Poco después, acudí a una fiesta de cumpleaños en casa de mi mejor amiga. Mientras los adultos conversábamos en la sala, todos los niños jugaban tranquilamente en un cuarto, concentrados en sus ipads. Recordé las batallas de almohadas de mi infancia, los juegos de las escondidillas y comparé lo que me había tocado a mí con la escena que tenía enfrente. El espectáculo era tristísimo y me alegré de que mis hijos no estuvieran esa noche.
Mis sospechas sobre el efecto nocivo de la electrónica en los niños se confirmaron el día en que leí una entrevista a Steve Jobs donde afirmaba restringir el uso de esos aparatos y de los teléfonos inteligentes a sus propios hijos. Yo que imaginaba la casa de los Jobs como una cueva futurista, llena de videojuegos y pantallas gigantes por medio de las cuales ordenaban el menú de la cena a la servidumbre, me quedé muy sorprendida. Las razones que Jobs daba al periodista no podían ser más convincentes: habían visto el daño que las tabletas causan en los usuarios y querían evitar que sus hijos crecieran en semejantes condiciones. Según investigadores como Nicholas Carr, los efectos negativos del abuso de Internet son la pérdida de facultades como la memoria y la concentración. En la entrevista Jobs hablaba sobre todo de la exposición a la pornografía pero también de una fuerte adicción a los aparatos que su empresa sigue fabricando. Si los dejaban jugar con las tabletas y los iphones durante los fines de semana era sólo porque pensaban que una prohibición muy estricta podía tener consecuencias adversas y despertar en ellos un excesivo interés. ¿Qué hacen entonces los hijos de los Jobs? Preguntaba el periodista. “Saltar la cuerda, jugar con plastilina y sobre todo leer libros de verdad (no digitales) con letras e ilustraciones.”.

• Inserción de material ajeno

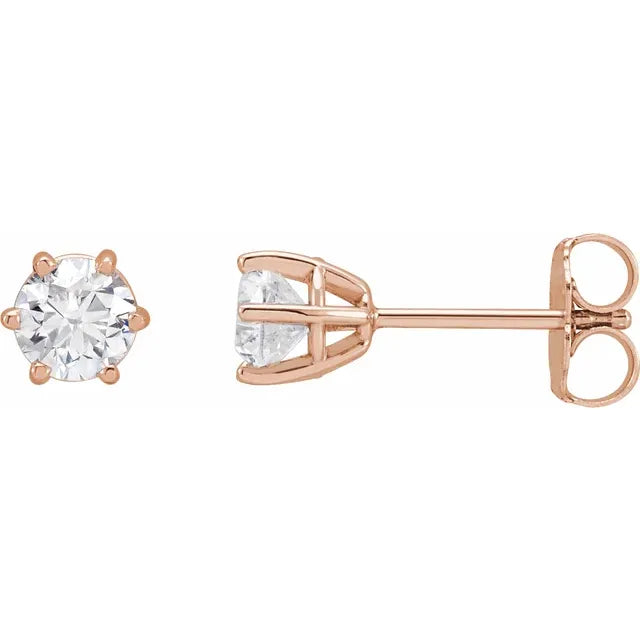 3/4 CTW 14K Rose diamond stud Earrings 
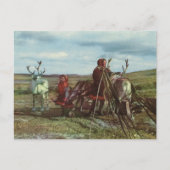Vintage Noorwegen, Lapland, Sami met rendier Briefkaart (Voorkant)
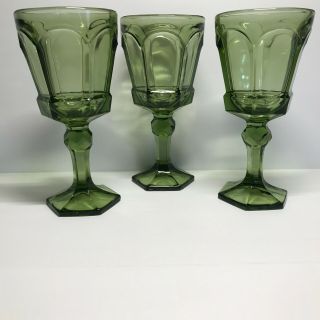 3 Vintage Fostoria Virginia Wine Goblets Green 6 " 1978 - 1986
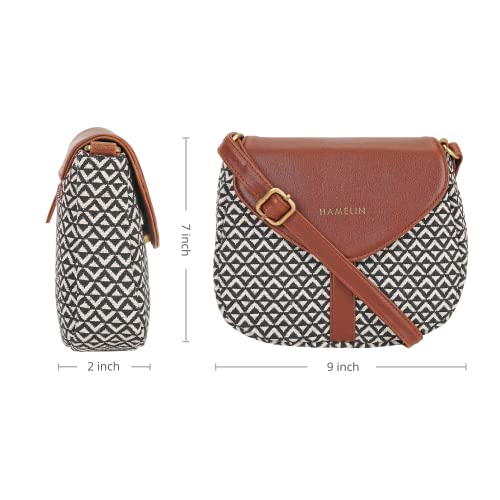 HAMELIN Women's Curvy Sling Bag for Girls and Women | Stylish Vegan Leather Ladies Purse for Mobile/Makeup | Crossbody Bag for Women | Woven Design with Adjustable Strap | Ideal Women's Gift|Orca - Image 5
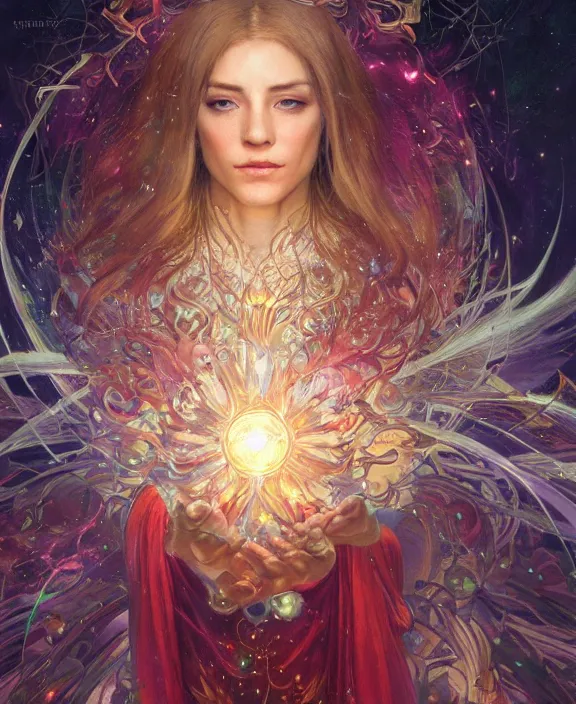 Image similar to a trading card of a wizard surrounded by a whirlwind of magical particles ushing inside the metaverse, half body, fantasy, intricate, elegant, highly detailed, colorful, vivid color, digital painting, artstation, concept art, art by artgerm and greg rutkowski and alphonse mucha and ruan jia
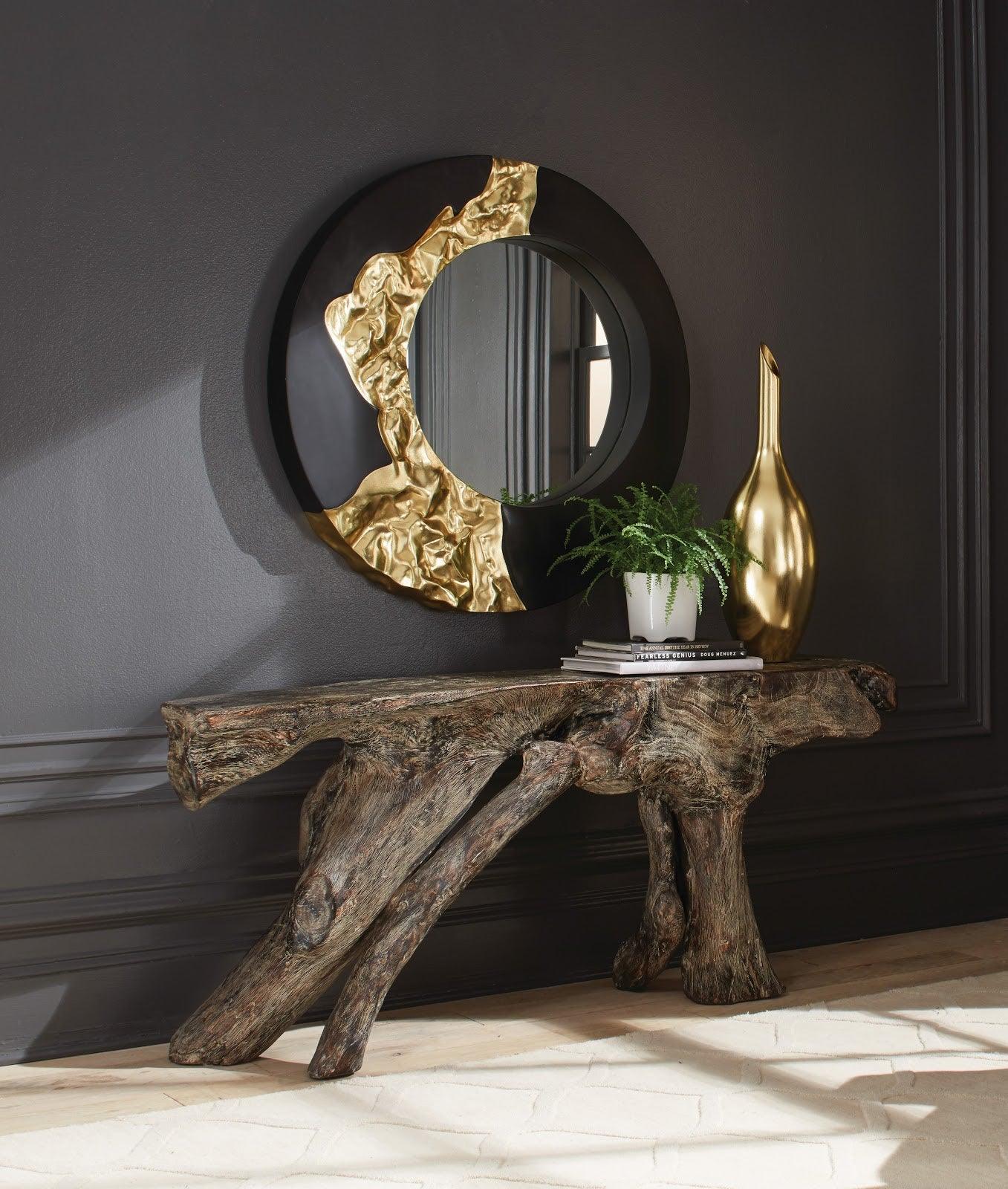 Mercury Mirror, Black, Gold Leaf - Remutear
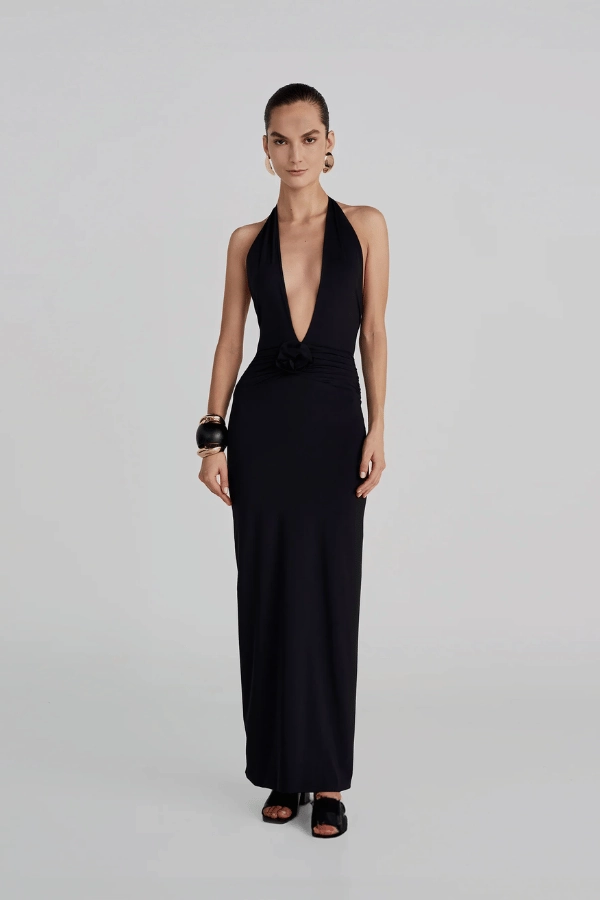 budget-friendly Timeless Fashion Lirio Maxi Dress Black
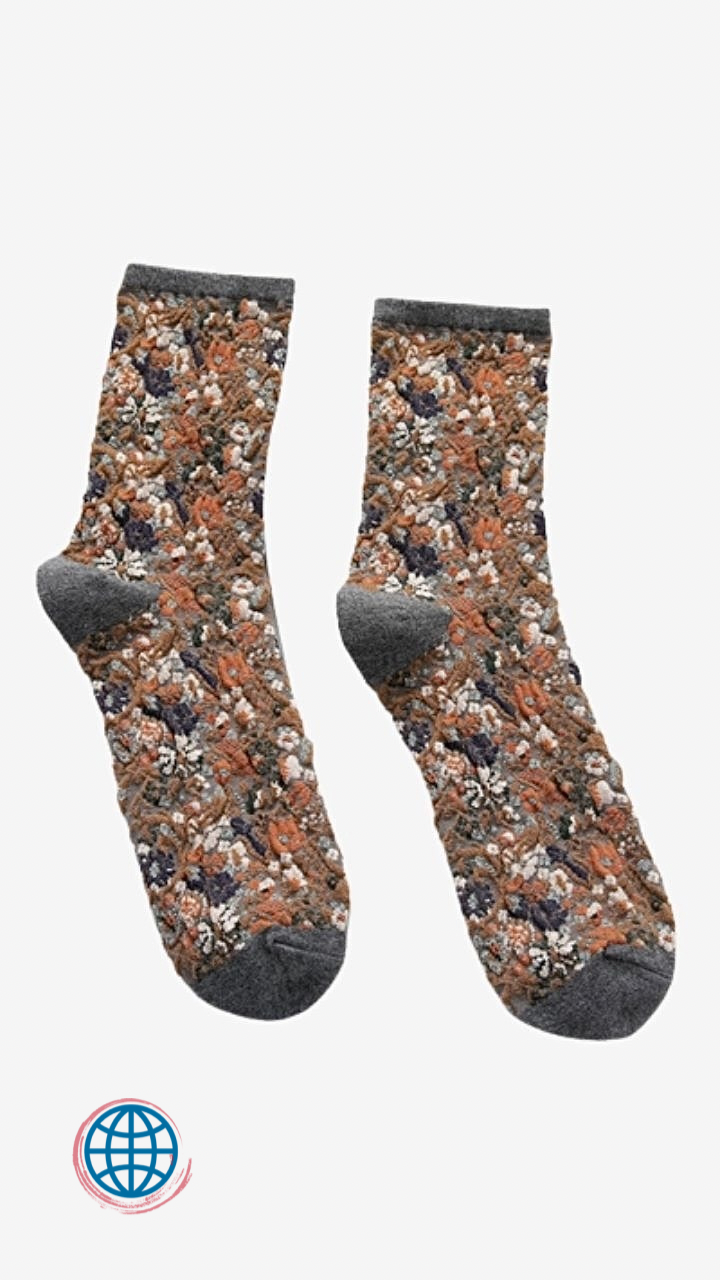 Floral Harajuku Organic Crew Socks Retro Ethnic Flowers Cotton Womens Casual Comfortable Ladies Cute Sock for Woman Trending in Beige Cream, Black Purple, Brown Red, Gray Orange, Purple Green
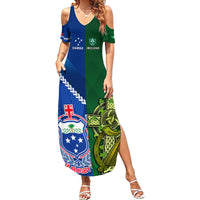 Custom Samoa And Ireland Rugby Family Matching Summer Maxi Dress and Hawaiian Shirt 2023 World Cup Manu Samoa With Shamrocks LT14 Mom's Dress Blue - Polynesian Pride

El CEO de Apple no fue el único en tomar estas medidas respecto a su descendencia. Ni el fundador de Twitter ni la de Sotherland Gold, permiten que sus hijos tengan pantallas en el dormitorio. Cuando me enteré de todo esto me pregunté si el famoso refrán “en casa del herrero, cucharón de palo” implica que el herrero conoce mejor que nadie los riesgos y los usos incorrectos de los utensilios que él mismo produce. Con un cucharón de palo ningún miembro de su familia puede matar a los otros. Los dichos populares tienen muchas interpretaciones. La actitud de los Jobs no. Todavía recuerdo las multitudes reunidas tras su muerte en los comercios de Apple, dejando velitas y flores, como se hace en un templo. Hoy me digo sin ningún tipo de dudas que, además de enriquecerlos, sus feligreses y todos los que constituíamos su inagotable clientela, deberíamos tomarlo como ejemplo.